++++ Input data

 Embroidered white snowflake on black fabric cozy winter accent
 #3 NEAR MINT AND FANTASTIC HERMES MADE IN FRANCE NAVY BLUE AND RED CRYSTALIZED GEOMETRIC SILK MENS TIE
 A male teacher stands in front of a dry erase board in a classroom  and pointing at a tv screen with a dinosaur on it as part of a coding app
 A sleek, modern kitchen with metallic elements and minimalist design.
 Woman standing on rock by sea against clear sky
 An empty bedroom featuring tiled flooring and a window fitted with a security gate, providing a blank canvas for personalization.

++++++++
++++ Input data

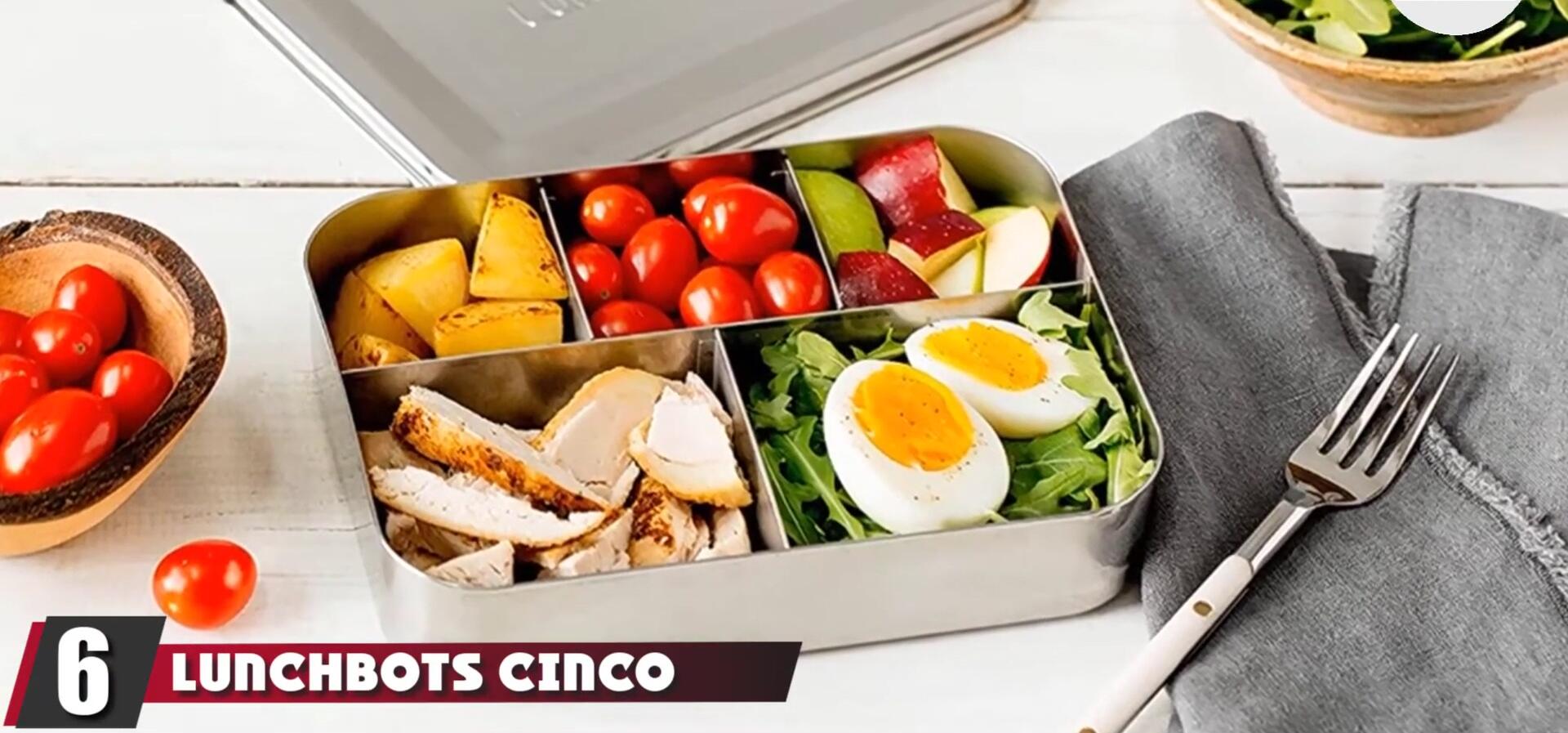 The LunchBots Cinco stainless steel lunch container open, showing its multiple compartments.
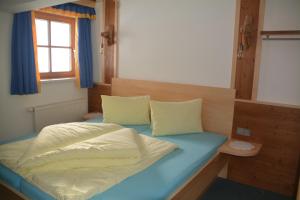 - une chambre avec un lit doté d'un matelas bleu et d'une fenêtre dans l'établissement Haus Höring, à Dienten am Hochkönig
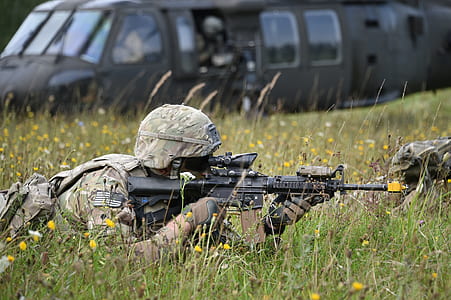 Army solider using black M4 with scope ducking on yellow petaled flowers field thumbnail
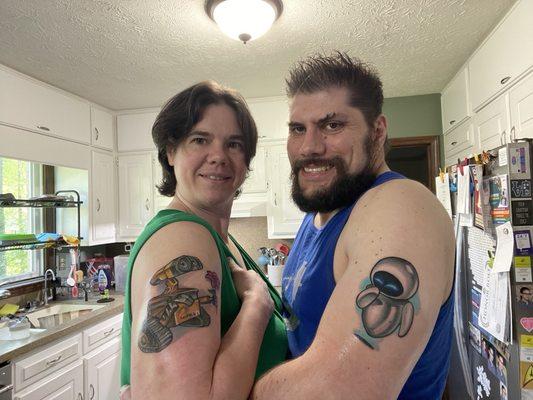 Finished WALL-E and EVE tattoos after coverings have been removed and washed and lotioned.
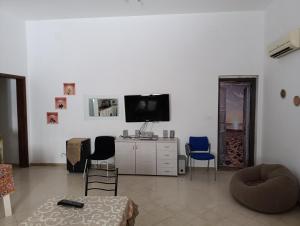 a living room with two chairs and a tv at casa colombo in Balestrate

++++++++

## Requirement
A verbatim transcription is needed of the lines above, starting at the line with "Embroidered white snowflake" and ending at the line with "An empty bedroom", both included, and of nothing else.

## Finished task
 Embroidered white snowflake on black fabric cozy winter accent
 #3 NEAR MINT AND FANTASTIC HERMES MADE IN FRANCE NAVY BLUE AND RED CRYSTALIZED GEOMETRIC SILK MENS TIE
 A male teacher stands in front of a dry erase board in a classroom  and pointing at a tv screen with a dinosaur on it as part of a coding app
 A sleek, modern kitchen with metallic elements and minimalist design.
 Woman standing on rock by sea against clear sky
 An empty bedroom featuring tiled flooring and a window fitted with a security gate, providing a blank canvas for personalization.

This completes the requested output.